--- Exercise details ---
Output the line that contains "Kartonierter Einband RoboCup" and every line after it to the end of the entries, with nothing added or left out.

--- Records shown ---
[Start of section]

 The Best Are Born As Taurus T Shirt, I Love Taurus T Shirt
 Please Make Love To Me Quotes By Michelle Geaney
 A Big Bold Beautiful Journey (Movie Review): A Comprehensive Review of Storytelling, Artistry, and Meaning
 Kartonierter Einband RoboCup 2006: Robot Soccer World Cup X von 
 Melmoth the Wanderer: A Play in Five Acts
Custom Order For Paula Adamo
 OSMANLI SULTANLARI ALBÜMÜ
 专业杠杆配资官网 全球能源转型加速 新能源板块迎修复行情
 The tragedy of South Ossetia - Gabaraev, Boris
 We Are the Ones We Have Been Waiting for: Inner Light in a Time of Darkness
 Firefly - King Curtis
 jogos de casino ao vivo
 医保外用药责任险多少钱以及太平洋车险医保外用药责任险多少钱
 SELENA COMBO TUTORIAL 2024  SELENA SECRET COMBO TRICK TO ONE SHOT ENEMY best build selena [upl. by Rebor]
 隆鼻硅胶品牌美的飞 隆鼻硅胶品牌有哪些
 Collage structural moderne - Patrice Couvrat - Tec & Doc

[End of section]

--- Reply to the exercise ---
 Kartonierter Einband RoboCup 2006: Robot Soccer World Cup X von 
 Melmoth the Wanderer: A Play in Five Acts
Custom Order For Paula Adamo
 OSMANLI SULTANLARI ALBÜMÜ
 专业杠杆配资官网 全球能源转型加速 新能源板块迎修复行情
 The tragedy of South Ossetia - Gabaraev, Boris
 We Are the Ones We Have Been Waiting for: Inner Light in a Time of Darkness
 Firefly - King Curtis
 jogos de casino ao vivo
 医保外用药责任险多少钱以及太平洋车险医保外用药责任险多少钱
 SELENA COMBO TUTORIAL 2024  SELENA SECRET COMBO TRICK TO ONE SHOT ENEMY best build selena [upl. by Rebor]
 隆鼻硅胶品牌美的飞 隆鼻硅胶品牌有哪些
 Collage structural moderne - Patrice Couvrat - Tec & Doc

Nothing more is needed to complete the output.